BLS further observed about the November performance by for-hire trucking that “since the most recent employment trough in March 2010, the industry has added 161,000 jobs.”

Costello said the drop in the unemployment rate— now at its lowest level in five years— was “due to solid job growth, not people leaving work force” and a “very positive sign” for the economy.

BLS also reported that the change in total nonfarm employment for September was revised up by 12,000 (from +163,000 to +175,000) and that the employment change for October was revised down by 4,000 (from +204,000 to +200,000).

“Employment in transportation and warehousing rose by 31,000 in November,” the agency noted, “with gains in couriers and messengers (+9,000), truck transportation (+8,000), warehousing and storage (+5,000), and air transportation (+3,000).”

The other big economic news this week came yesterday, when the Commerce Dept. reported that GDP increased at an annual rate of 3.6% in the third quarter, according to what it termed the "second” estimate released by its Bureau of Economic Analysis (BEA).

“The acceleration in real GDP growth in the third quarter primarily reflected an acceleration in private inventory investment, a deceleration in imports, and an acceleration in state and local government spending that were partly offset by decelerations in exports, in personal consumption expenditures, and in nonresidential fixed investment,” noted BEA in a news release.

However, ATA’s Costello cautioned against viewing this news too positively—pointing out the revision was due to higher inventories built up by businesses.

“These higher inventories aren’t good because shippers will work off any excess inventories before ordering more products,” he told FleetOwner.
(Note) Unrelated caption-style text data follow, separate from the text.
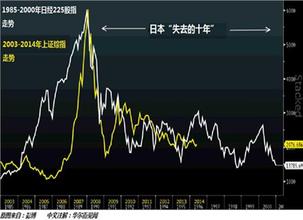 中国股票会不会崩盘？何时崩盘？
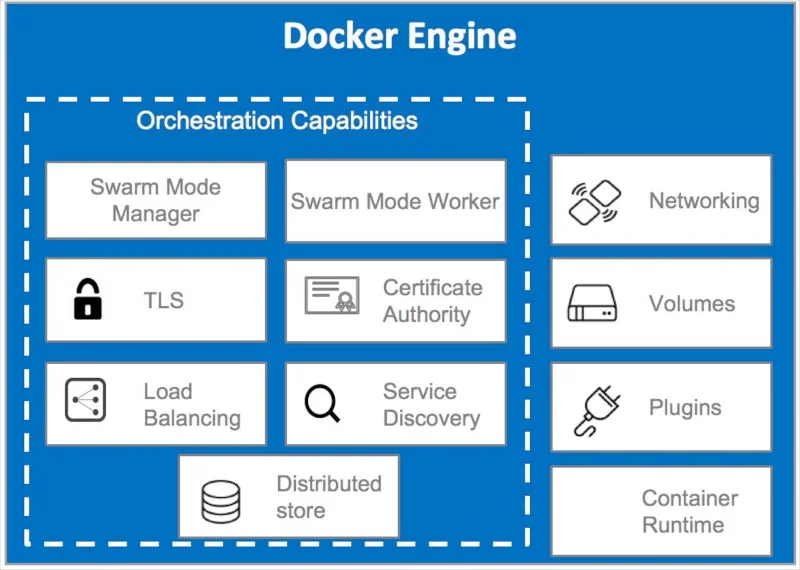 Hoe Docker Engine op CentOS te installeren
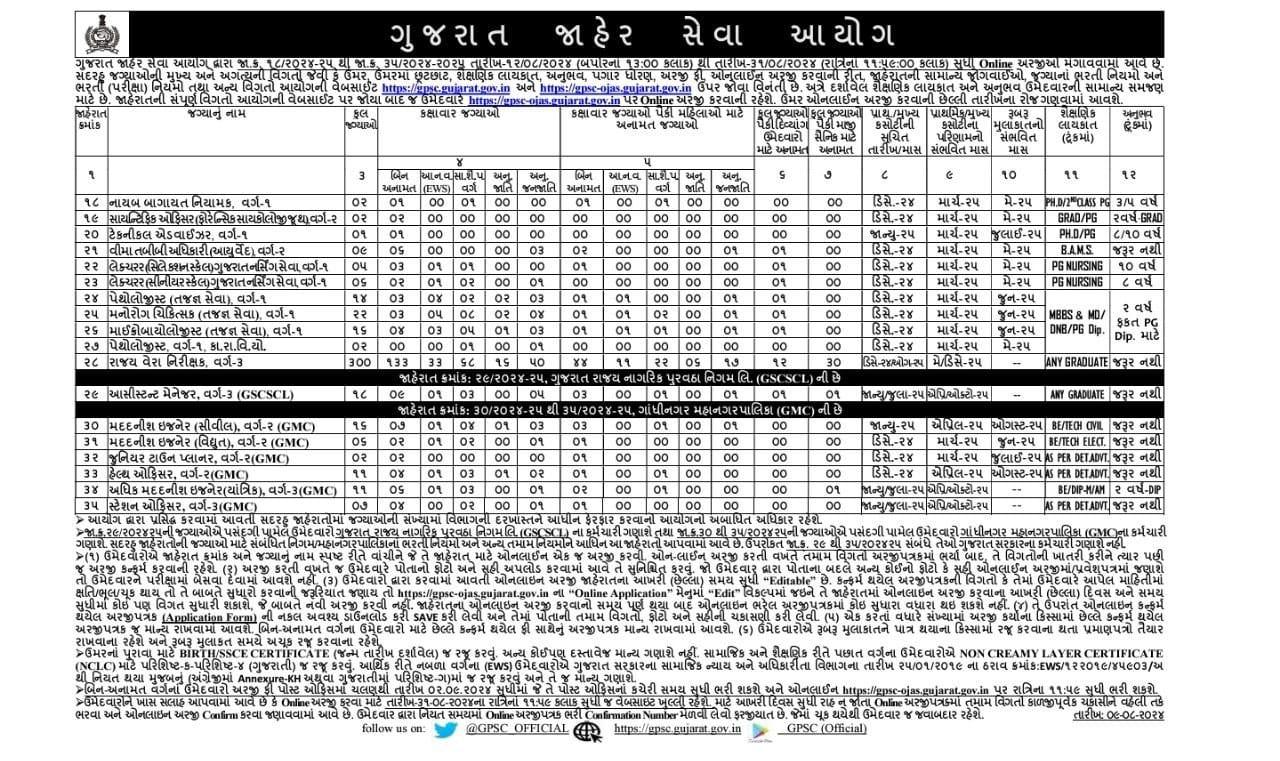 GPSC State Tax Inspector Recruitment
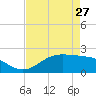 Houston Ship Channel tide chart for Saturday, April 27, 2024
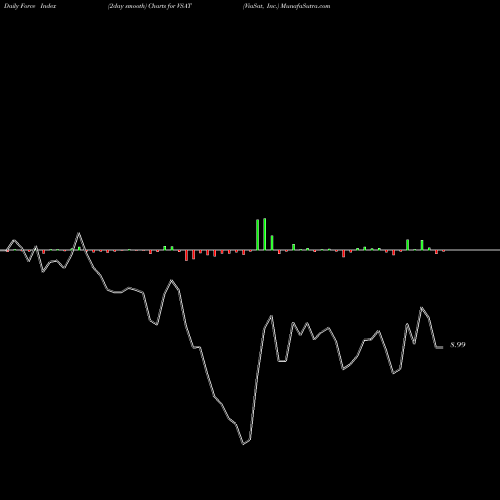 Force Index chart ViaSat, Inc. VSAT share USA Stock Exchange 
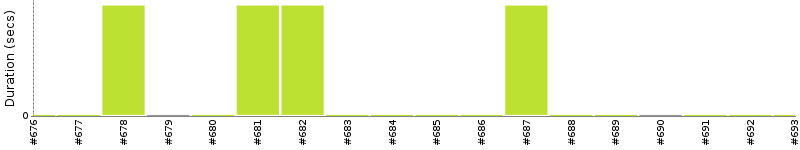 [Method Execution Trend Chart]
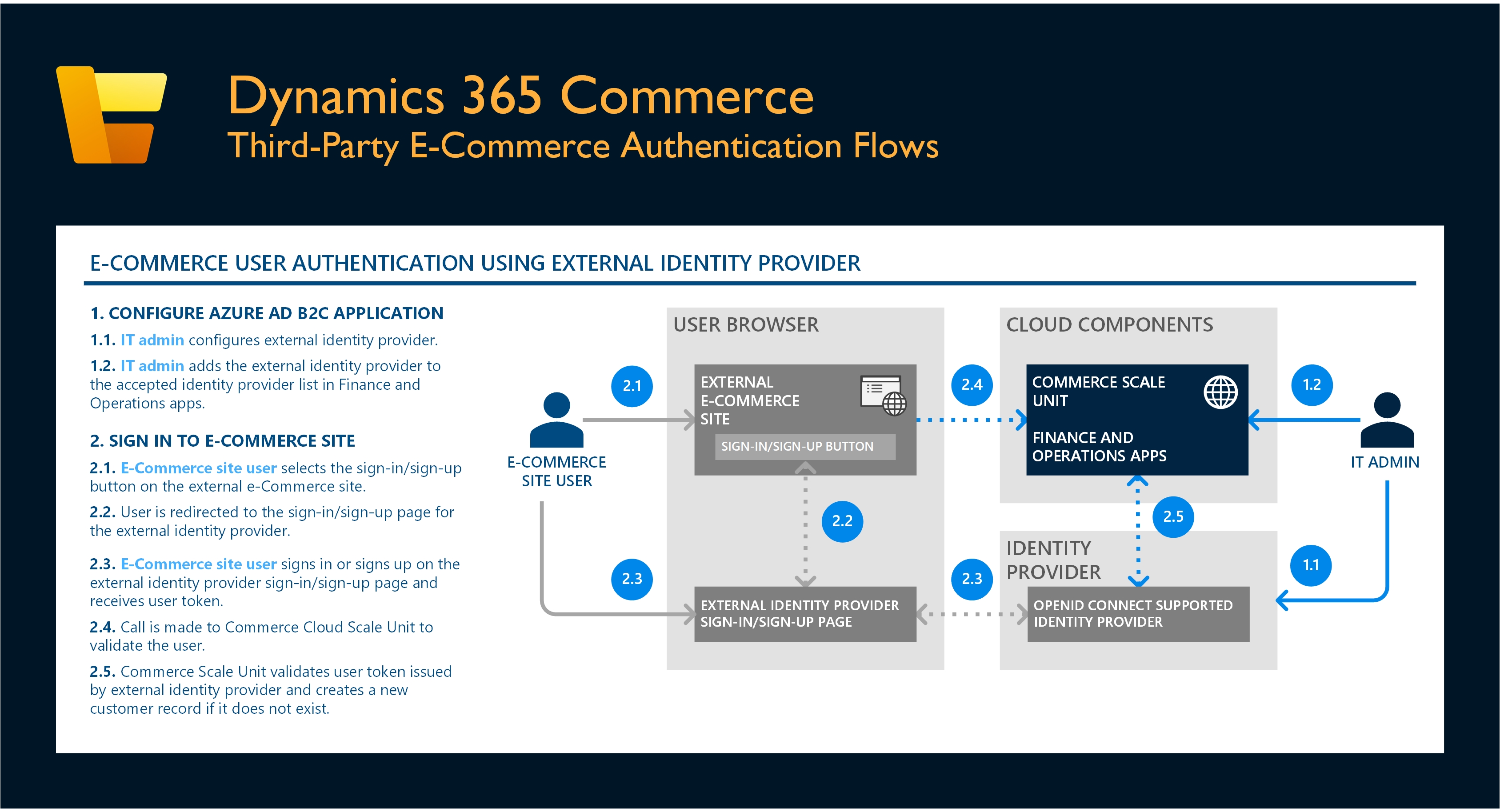 Diagram of Partner E-commerce Customer Authentication Flows.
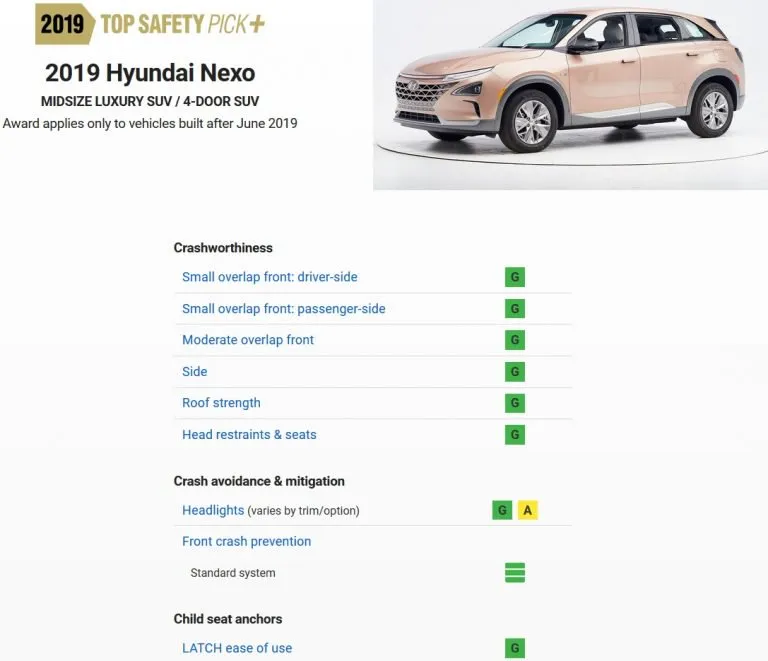 hyundai nexo crash test 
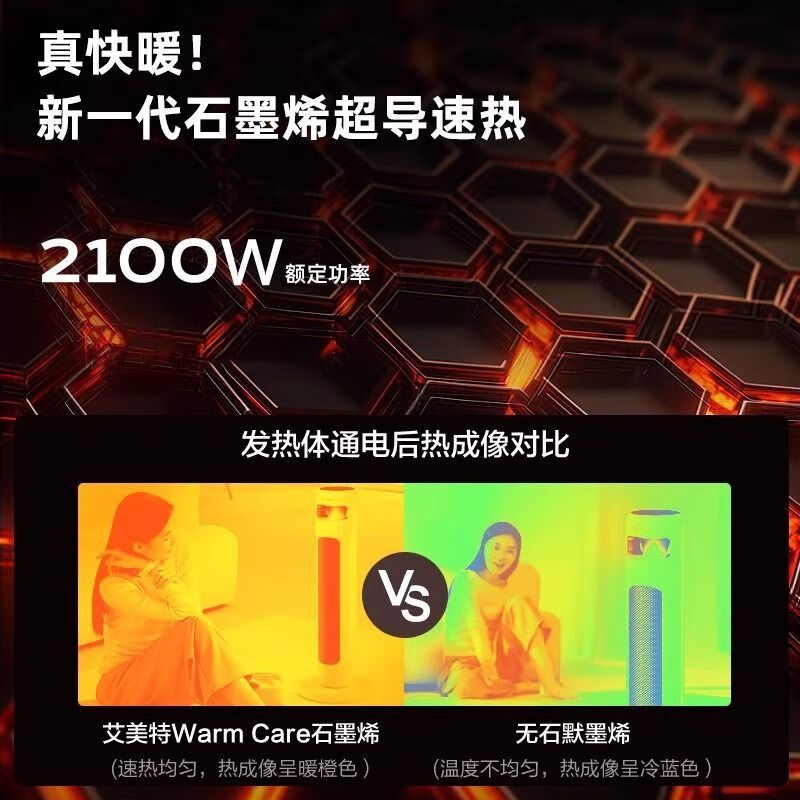 艾美特(AIRMATE)取暖器石墨烯暖风机可摇变频家用电暖气立式速热取暖 HP21-SR112[遥控+石墨烯]高清大图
And that hurts truck-freight volumes.  It is likely one of the reasons why October freight was off, once adjusted for typical seasonality.”

Costello said inventories did not pile up “on purpose,” but said the situation was “most likely caused by weaker sales than expected.  I suspect the drawdown has already started as October truck freight was weaker than anticipated (seasonally adjusted).”

Indeed, Lindsey Piegza, managing director & chief economist of brokerage firm Sterne Agee, observed in an email that while third-quarter GDP was revised up from the preliminary estimate of 2.8% to 3.6%, “the underlying story does not change. 

“Headline [a basic rate before distorting factors have been removed] growth was led by [a] surge in inventories-- larger than previously reported-- while consumption continued to wane and business remained sidelined,” she continued. “The surge in inventories accounted for 1.68%, or nearly half of headline growth in the third quarter.”

On the other hand, Peizga pointed out that personal consumption was revised down from 1.5% to 1.4% in Q3. She said that contributed less than 1% to the headline number-- reinforcing the declining trend in consumption since the start of the year.

“As we saw with the initial GDP release,” Piezga pointed out, “headline growth was impressive thanks to an inventory stockpile. However, overzealous production last quarter is likely to severely contract from the current quarter's growth.

“Given the fragile consumer sector and tepid business investment,” she advised, “end of the year growth is unlikely to push above 2%.”